What's your problem? Get Back, Chargeback!
Entrepreneur magazine|November 2016

Can a small-business owner ever win the battle against credit card companies?

Joe Keohane
What's your problem? Get Back, Chargeback!

Q I run a paint-and-sip studio, where people can make art as they drink, and we have a strict cancellation policy: Cancel less than 24 hours before your class and you don’t get your money back. On many occasions, after a person doesn’t show up for class and loses their money, an infuriating thing happens: They call their credit card company and say they want the charge removed. The credit card company calls PayPal, which handles my transactions. I always provide ample evidence—a receipt, emails with the customer, and so on. But nearly every time, PayPal tells me they ruled in the customer’s favor. The money gets taken out of my account, and I get hit with a $20 fee.
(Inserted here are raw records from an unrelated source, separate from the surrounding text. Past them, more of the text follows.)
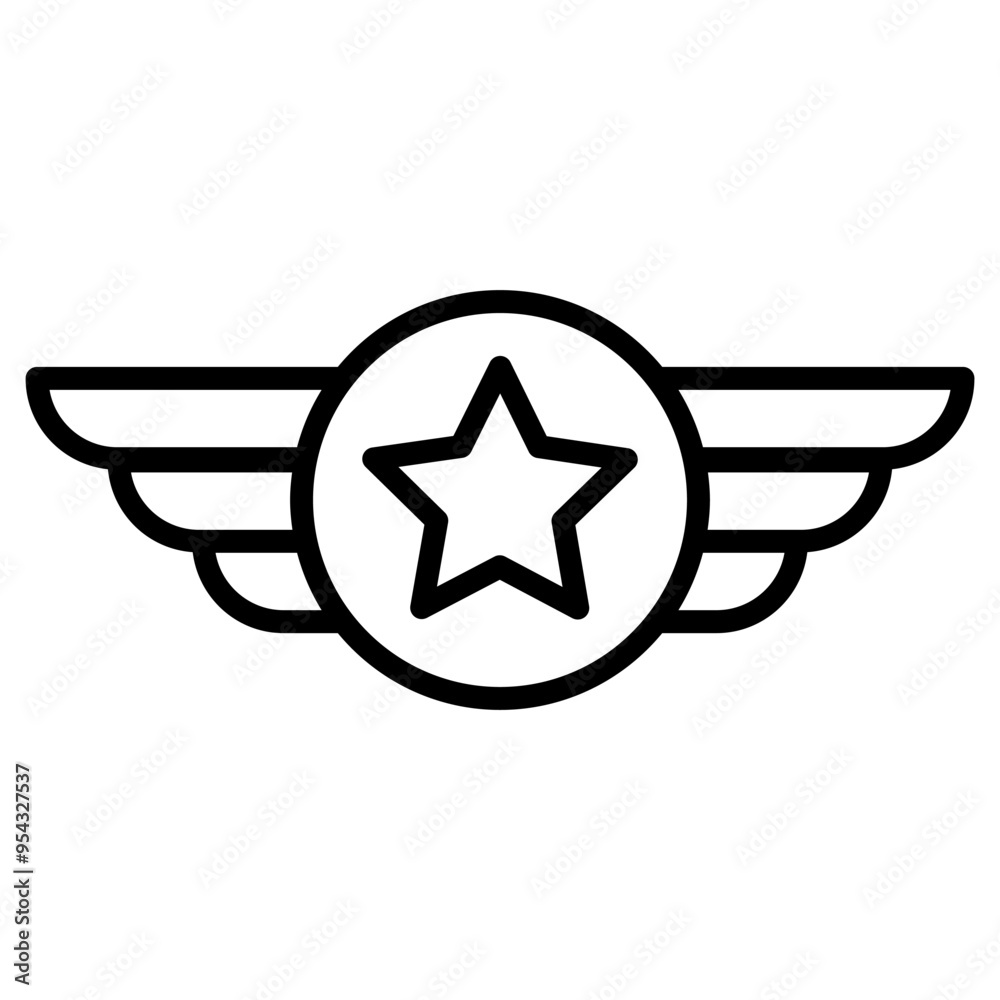 Award icon in thin line style vector illustration graphic design Award icon in thin line style vector illustration graphic design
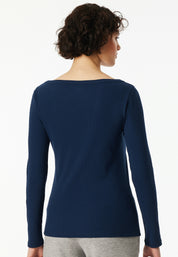 Langarmshirt - 801-admiral - Blau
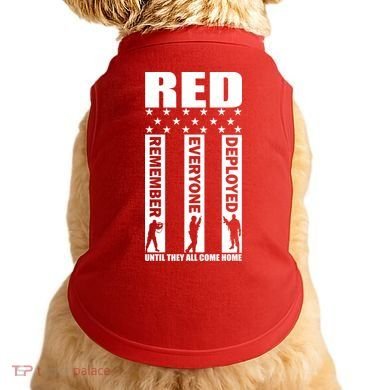 Red Friday Until They All Come Home Doggie Tank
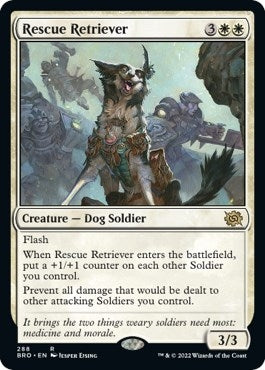 Image for Rescue Retriever (The Brothers' War) (288) - Magic: The Gathering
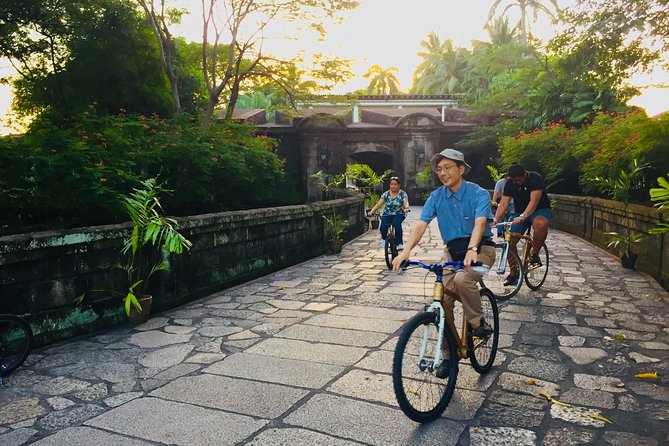 Intramuros Sunset Tours by Bambike - Puerta Real Gardens and the city’s defensive edge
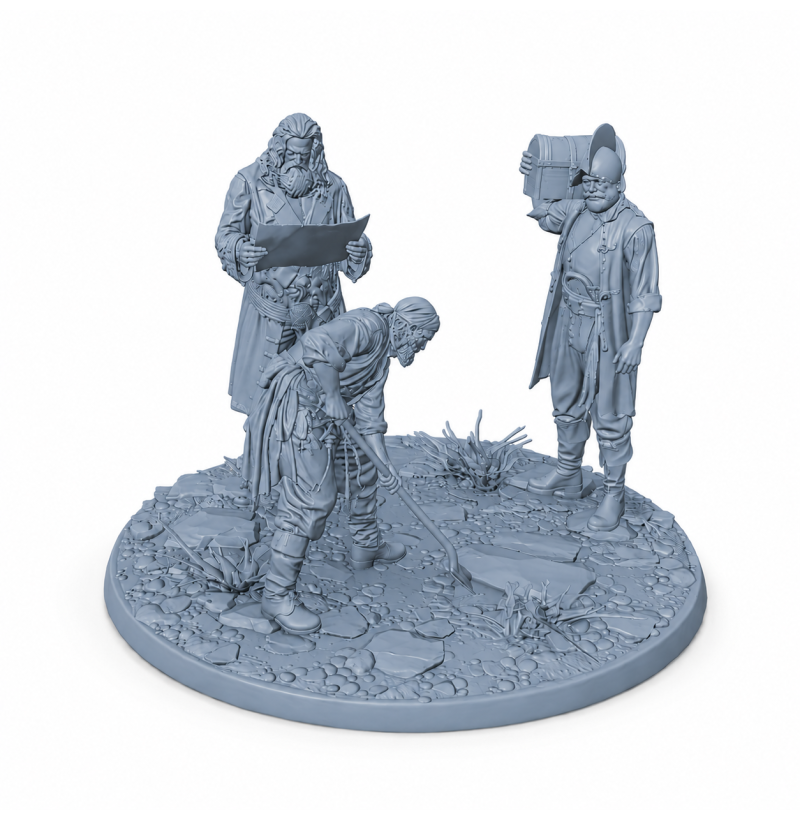 Pirate Treasures STL Files Set for 3D Printing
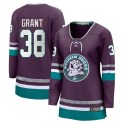 Fanatics Branded Anaheim Ducks Women's Derek Grant Premier Purple 30th Anniversary Breakaway NHL Jersey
Can I ever win?—Scott, New York City

A: Ah, the dreaded chargeback—bane of many a small-business person’s existence. Chargebacks were devised decades ago to protect credit card users against fraudsters, but today, in one of the great unintended consequences of the e-commerce age, they’ve turned many of those users into fraudsters themselves. And Scott is a victim to a particularly infuriating category of chargebacks: The finance industry calls it “friendly fraud,” because the finance industry operates from a very different definition of “friendly” than I do.

Here’s what friendly fraud looks like: A customer purchases a product or service, then goes straight to their credit card company, claims to have been misled or cheated (or to have never received the product or service in the first place), and then tries to get the charge knocked off. The card issuer examines the claim and renders a decision. If the complaint is found to have merit, the sum in question is withdrawn from the seller’s account. Win or lose, the seller is charged a fee ranging from a few cents to $30.